The programme includes a plethora of presentations on a variety of topics, spanning QCD at high temperature, QGP in small systems, initial state physics, collective dynamics, correlations and fluctuations, electroweak probes, jets, quarkonia and others. Four parallel sessions ran on the first two days, and plenaries on the last two days. A session was dedicated to posters, and a few of them were awarded a prize and the authors invited to give a flash talk. A public lecture by Rocky Kolb entitled “From Quarks to Cosmos” was also included.
"Quark matter demonstrates the wealth of physics results on a topic which is inherently very complex, heavy ion physics,” said Eckhard Elsen, CERN Director for Research and Computing. "With the LHC performing so well and in so many different beam constellations, we have the experimental tools at hand to shed light on the state of matter that dominated in the early beginning of our universe.”
Several new results from the higher energy and luminosity samples of pp, p-Pb and Pb-Pb collisions of the LHC Run2 were presented. Production and flow coefficients of light flavour and strange hadrons measured in Pb-Pb collisions at 5 TeV were discussed, as well as strange meson and baryon yields as a function of multiplicity in pp at 13 TeV.
Individual heavy ion collisions create only a small droplet of quark-gluon plasma; the multitude of tracks left by the particle collisions allows scientists to look at how particles behave in such a medium. As an example, among the new results presented, the ALICE collaboration has shown that heavy quarks directly “feel” the shape and size of the quark-gluon-plasma droplet created within the region of the collision. This means that even the heaviest quarks move with the plasma, which is primarily formed of light quarks and gluons. ALICE also presented new results on the distribution of particle species – e.g. pions and kaons, among a zoo of other particles – in collisions of lead nuclei that help to measure the pressure and density in the quark-gluon plasma.

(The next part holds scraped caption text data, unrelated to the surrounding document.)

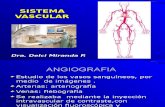 Diagnóstico Por Imagen - Semiología Vascular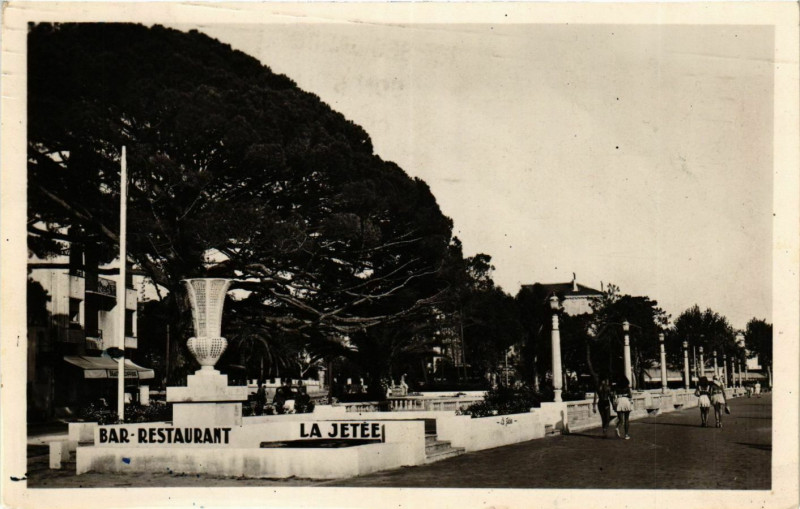 Carte postale ancienne Juan les Pins- La Promenade et le Grand Pin France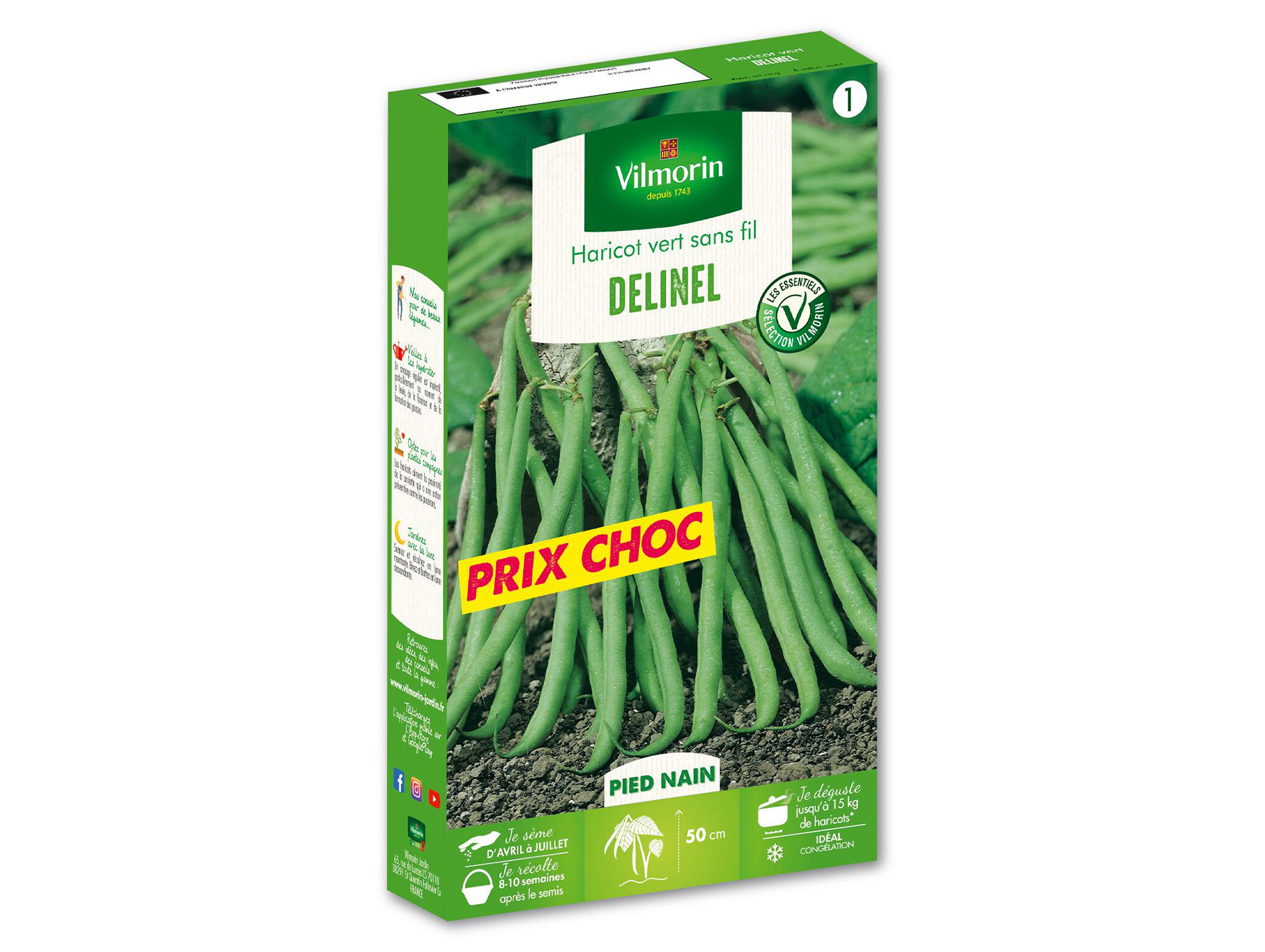 Haricot nain vert Delinel VILMORIN Série 1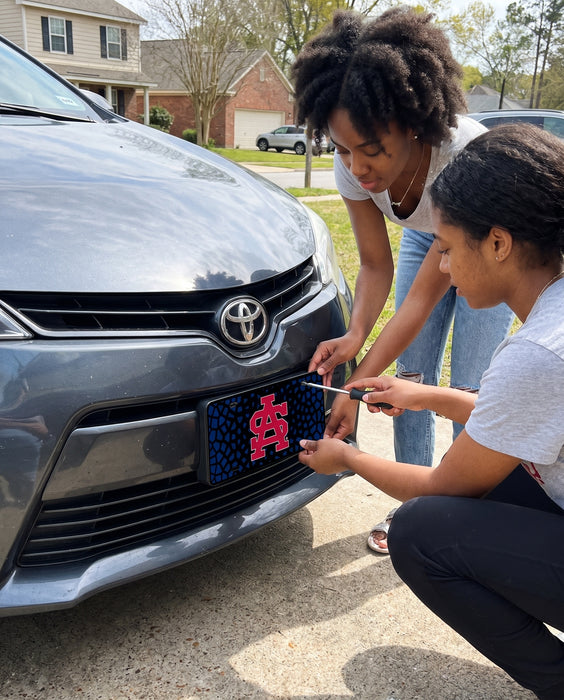 University of South Alabama Decorative License Plate — lifestyle scene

Particles are also used as direct probes to measure characteristics of the plasma. ALICE, ATLAS and CMS all presented new results in this area at a new lead collision energy per nucleon pair of 5 TeV. These have been compared to previous measurements at the collision energy of 2.76 TeV. Significant progress has been made on jet quenching with many new results reported at the conference.
All of the LHC experiments now collect large samples of collisions of lead nuclei and lead nuclei with protons. The ATLAS and CMS collaborations presented key features of collective particle behaviour in high-multiplicity collisions, which are key to better understanding the microscopic mechanisms at play in the quark-gluon plasma, as well as new methods for measuring the collective effects in small systems. The LHCb collaboration also presented its first public result from fixed-target collisions with argon – a completely new programme at the LHC also allowing for very high energy density where, again, particles containing heavy-quarks exquisitely reconstructed in their detector, play an important role.